Step 4: Continue to rely on the kindness of strangers
It took most of a weekend just to complete stage one of yard transformation. Stage 1 simply involved mulching, planting trees, and planting a number of freebie plants. I put the call out on facebook and an email at work asking for anyone who was dividing perennials, had left over seeds, or just had extra plants they wanted to get rid of to let me know. I would show up shovel in hand and get the plants. Surprisingly I manged to snag a number of free plants: Lemon balm, strawberries, leaf mulch, 50+ seed packets, ornamental plum sapling, redbud sapling, various bulbs, daisies, etc. It was an amazing amount of plant love from the community.
Stage 1 Complete
To be fair, we also assembled raised beds, put in a trellis, added soil to bare patches, and seeded grass. Basically lots of manual labor.

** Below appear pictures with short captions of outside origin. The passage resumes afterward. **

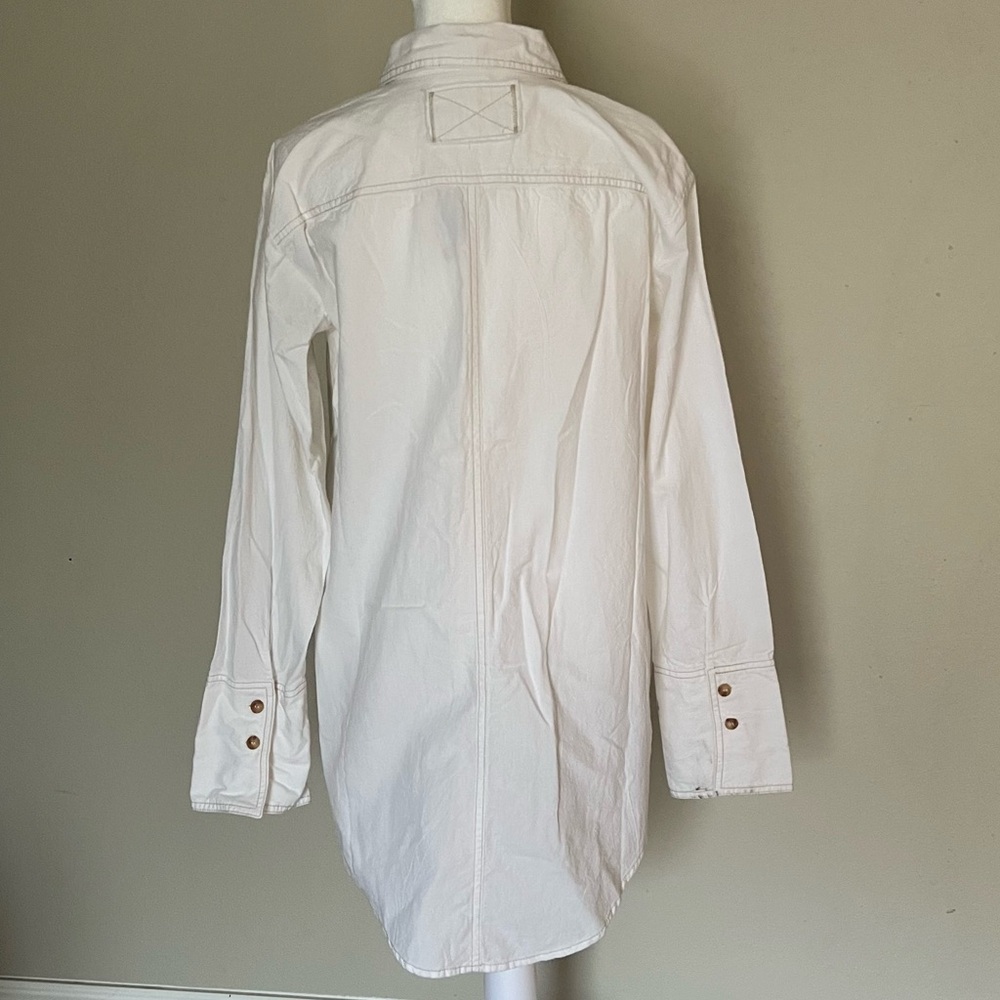 Free People We The Free Manchester Solid Button-Down Top - Picture 2 of 3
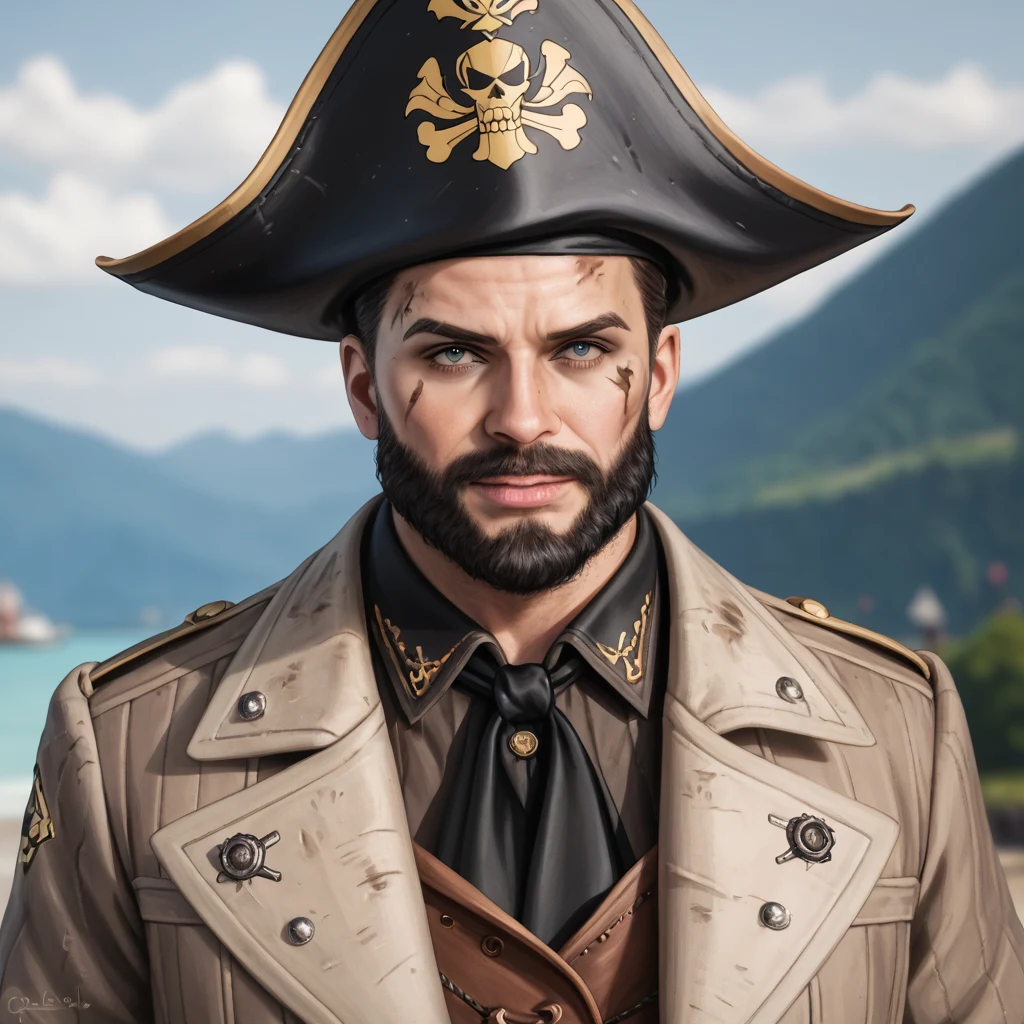detailed-photorealistic-image-closeup-portrait-pirate-1a8496 on WAI-ANI-PONYXL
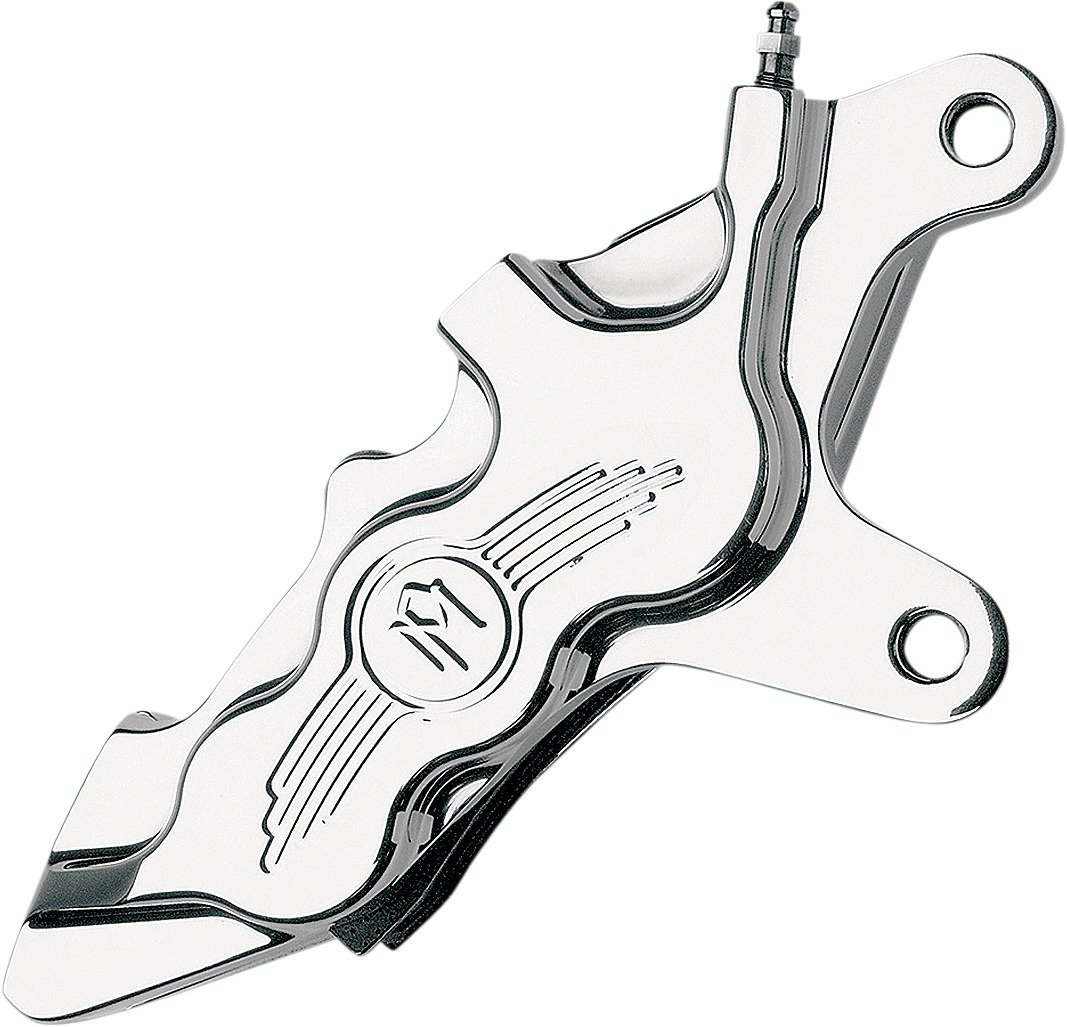 00-21 HD Caliper 112x6B Right - For 13in Disc - Chrome - Click Image to Close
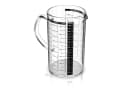 Arendo Glasmessbecher 1000 ml mit 8-teiliger Skalierung Bild 2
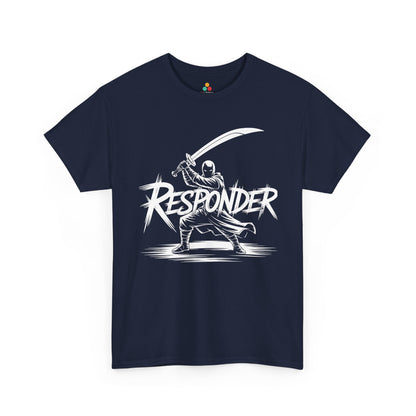 Responder Ninja Warrior Unisex T-shirt – Bold Samurai Street Style | TEEZOCA 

If I had only known then what I know now
Beds are great, grass is great, vegetables are great, but that is not really enough to hold down a landscape. We truly lucked soon after the beds were placed. We went to one of the big box hardware stores to pick up something (probably mulch) and walked past the clearance plants. Lo and behold they were marking tons down. I still do not know how we managed to get what we did, but we got close to $150 of annuals and perennials for $30. Finally we had something to put in the beds! Which I thought was a great plan, until I realized that I actually had to plant all of them. Which leads to:
Step 5: Collecting over time
The rest of the landscape has been a complete work in progress for the entire summer. Dig, plant, weed, seed, repeat. We picked up a beautiful Japanese maple at the WNC herb festival, worked on a chicken coop/castle (post TBD), added stepping stones for the boys. The usual lawn maintenance and gardening work. We have added a number of perennials such as blueberry bushes, blackberry vines, passionflower vines, various herbs; some gifted, some bought. Apparently, yards aren’t built in a day. Pro Tip: Find a local rock seller. A single flagstone can cost $7-$11. We got ours for about $1 a rock from a local stone dealer.
Stage 2: Complete
As the summer has progressed we now have grass for the boys to play in, vegetables for eating, and flowers to admire.
I can not stress enough that time and water are really what it takes to totally transform a yard. The hardscapes and beds have given it the frame work, but it will be a few years before all of the plants have matured enough to give a truly lush landscape. Still I am quite happy to enjoy my hard earned squash, listen to my happily clucking hens, and run my hands through the fragrant lavender.